Either way you view it, the news is seen as a blow for NZAM’s ability to manage the egos of the some of the world’s most influential investors. As the FT wrote recently:

“The exit from the initiative by Vanguard … [hits] efforts to organise industries to move away from fossil fuels, despite the fact Vanguard insisted it “will not affect our commitment to helping our investors navigate the risks that climate change can pose to their long-term returns”.

Who will wave goodbye to Vanguard?

But should this be the conclusion investors should draw? Capital Monitor believes otherwise. In fact, Vanguard’s self-deselection represents the perfect opportunity for investors committed to net zero to vote with their feet. If Vanguard’s position does not jibe with their own, then it’s in their gift to find an alternative asset manager to manage their money.

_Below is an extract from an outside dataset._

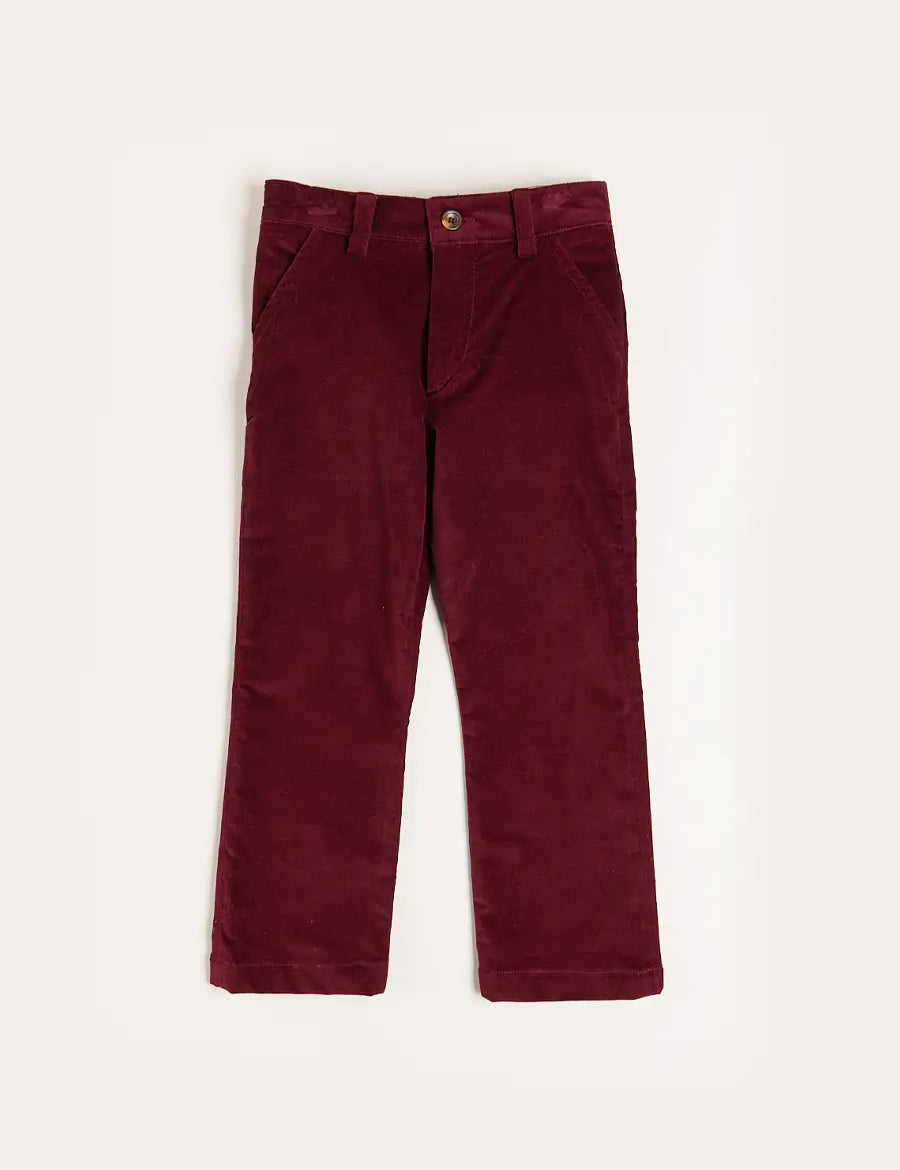 Velvet Formal Trousers in Burgundy (4-10yrs) Trousers from Pepa London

And for that, Vanguard deserves some credit. Whether it was done kicking and screaming, it, at least, is no longer greenwashing its credentials by signing up to an initiative it likely never seriously expected to achieve.

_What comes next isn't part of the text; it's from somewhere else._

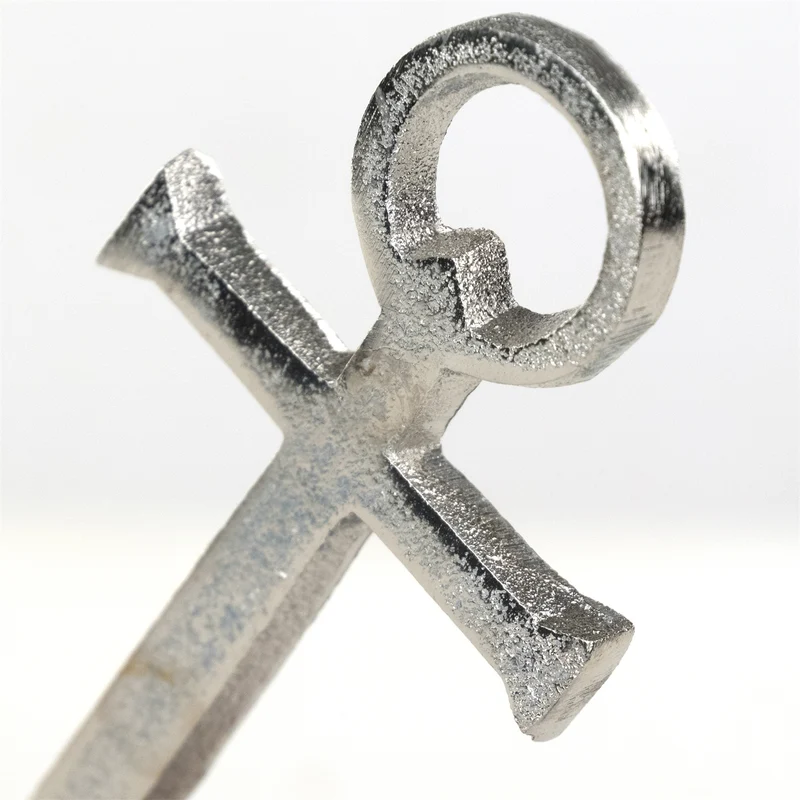 AUFSTELLER "MARITIM" | Mangoholz, Metall, 15 cm | Metallskulptur | Muster: Anker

Capital Monitor has always taken the view that it should not judge an institution on its values, but that it should be judged on whether it is achieving on those values and the targets that come with it.

The biggest threat to reaching net zero is not that some choose not to aspire to it, but that many pretend they do, hoodwinking investors into thinking their values align. At least Vanguard can no longer be criticised for that. 

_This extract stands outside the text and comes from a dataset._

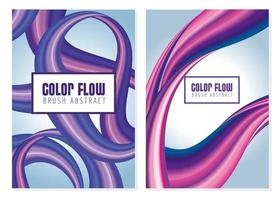 affiches de flux de deux couleurs dans des arrière-plans de couleurs grises vecteur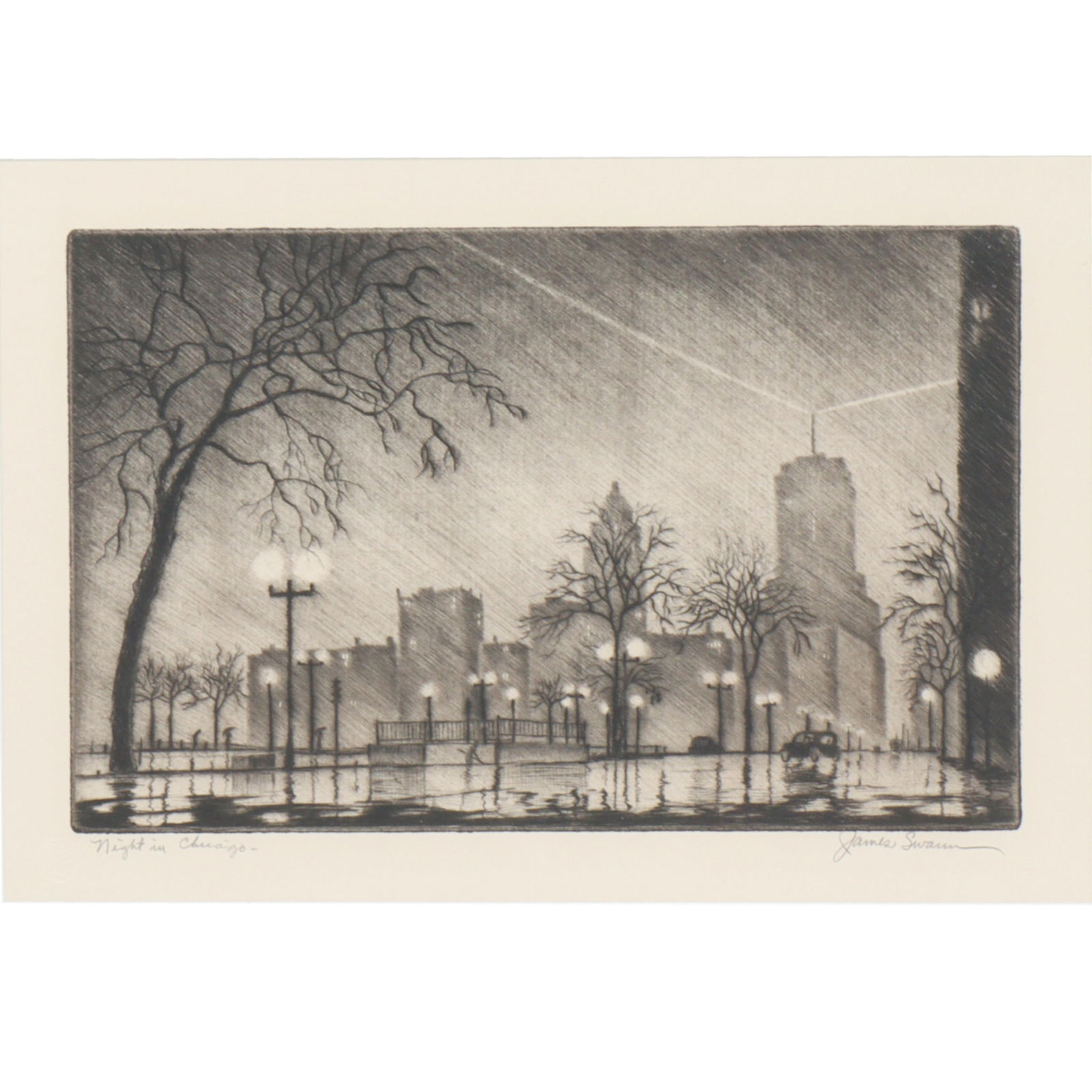 James Swann, American (1905-1985), Night in Chicago, 1940, drypoint etching, 6 1/2?H x 10 3/4?W (1 of 9)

If NGOs think their job is done by attacking Vanguard’s decision, it isn’t. In fact it’s only just begun: they should be looking very closely at fund flows into and out of the asset manager’s many funds and establishing  which climate committed asset owners are still parking their money with it. This is the real test of commitment to net zero.

And in light of how Vanguard is structured, this is a meaningful endeavour. In contrast to most publicly-owned investment firms, Vanguard is owned by its funds and the funds are owned by the shareholders. In other words, asset owners with investments in Vanguard funds are technically shareholders of the holding company.

In short, there was always going to be some fallout from a prominent fund manager over climate. Now is the time to see how asset owners respond.